PROVIDED DATA section start
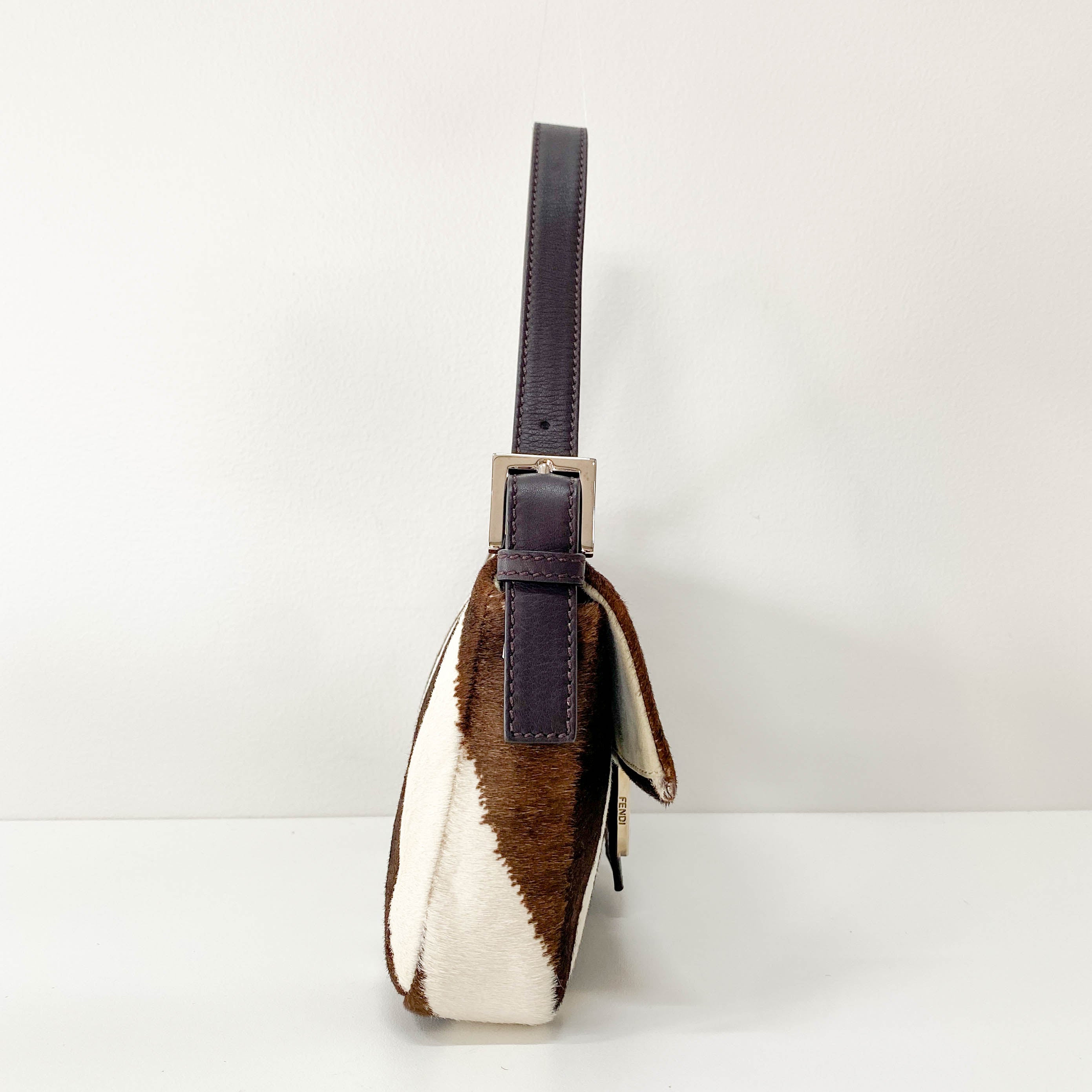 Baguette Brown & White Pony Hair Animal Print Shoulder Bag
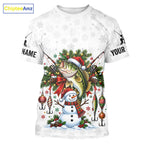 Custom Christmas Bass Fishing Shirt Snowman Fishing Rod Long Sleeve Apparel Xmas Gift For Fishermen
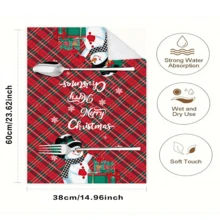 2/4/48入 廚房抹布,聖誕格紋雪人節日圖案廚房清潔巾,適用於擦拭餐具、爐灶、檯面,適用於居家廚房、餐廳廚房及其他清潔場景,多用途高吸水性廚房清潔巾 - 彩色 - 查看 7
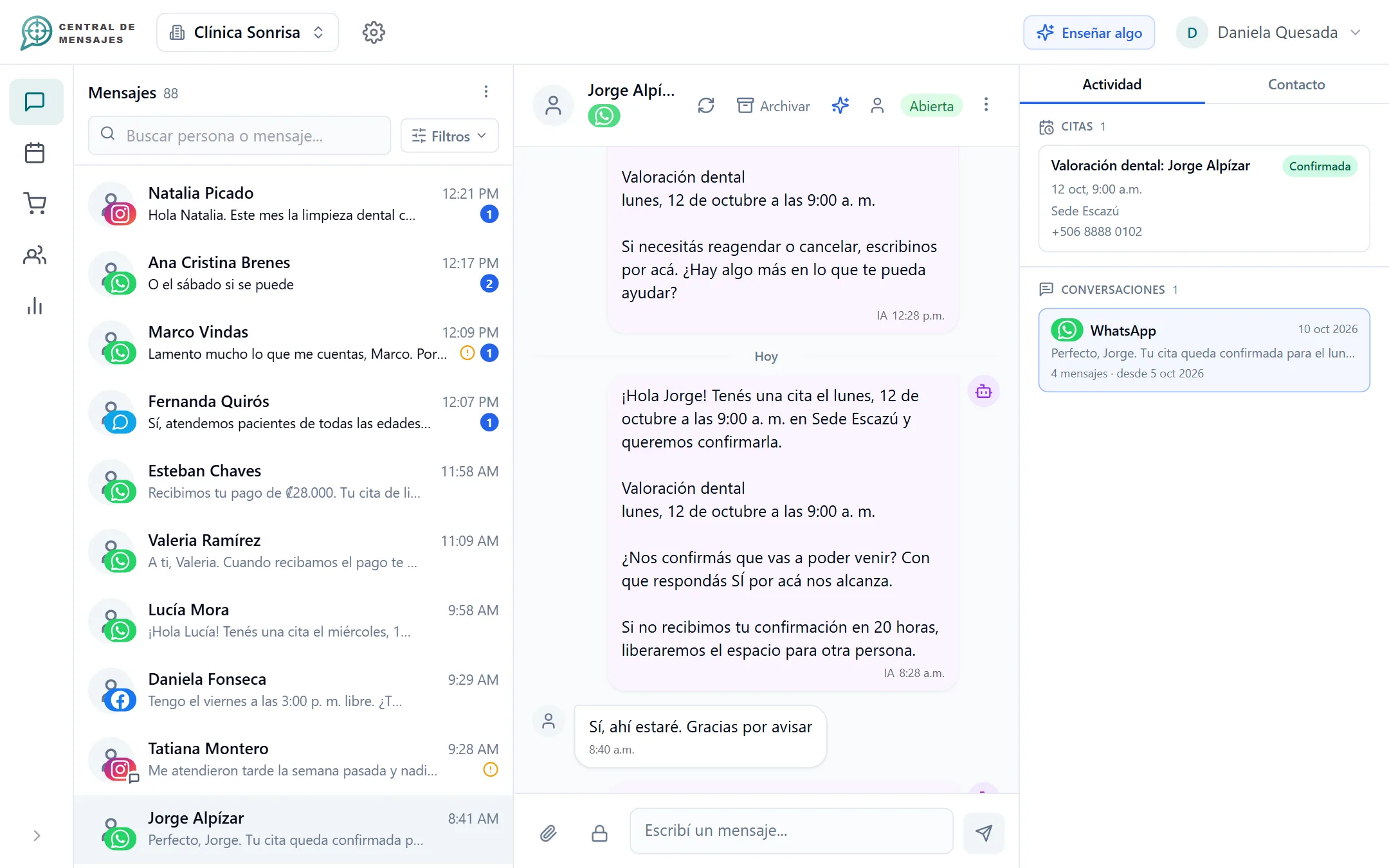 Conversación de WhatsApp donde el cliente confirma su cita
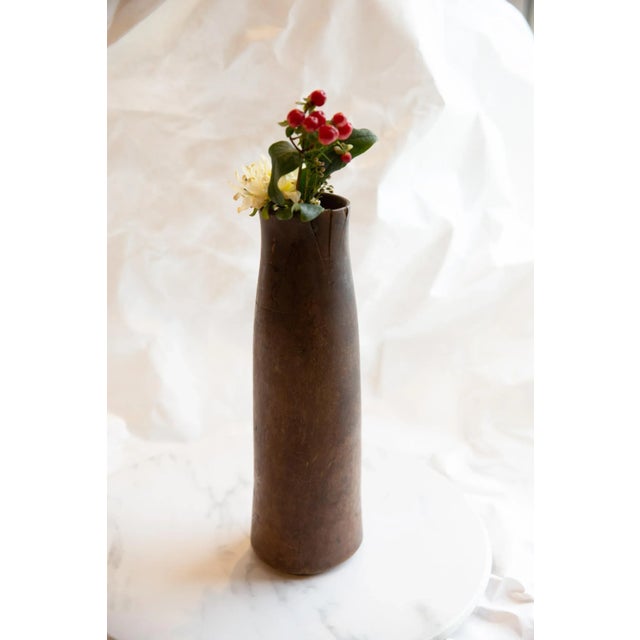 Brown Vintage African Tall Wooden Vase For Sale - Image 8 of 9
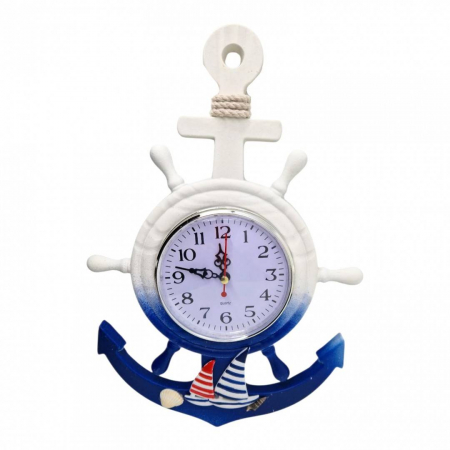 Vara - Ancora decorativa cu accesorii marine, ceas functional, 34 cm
PROVIDED DATA section end
*WHAT IS NEEDED:*
Make an exact copy of the records shown above, without the pictures.

*SOLUTION FOR THIS PROBLEM:*
 Baguette Brown & White Pony Hair Animal Print Shoulder Bag
 Custom Christmas Bass Fishing Shirt Snowman Fishing Rod Long Sleeve Apparel Xmas Gift For Fishermen
 2/4/48入 廚房抹布,聖誕格紋雪人節日圖案廚房清潔巾,適用於擦拭餐具、爐灶、檯面,適用於居家廚房、餐廳廚房及其他清潔場景,多用途高吸水性廚房清潔巾 - 彩色 - 查看 7
 Conversación de WhatsApp donde el cliente confirma su cita
 Brown Vintage African Tall Wooden Vase For Sale - Image 8 of 9
 Vara - Ancora decorativa cu accesorii marine, ceas functional, 34 cm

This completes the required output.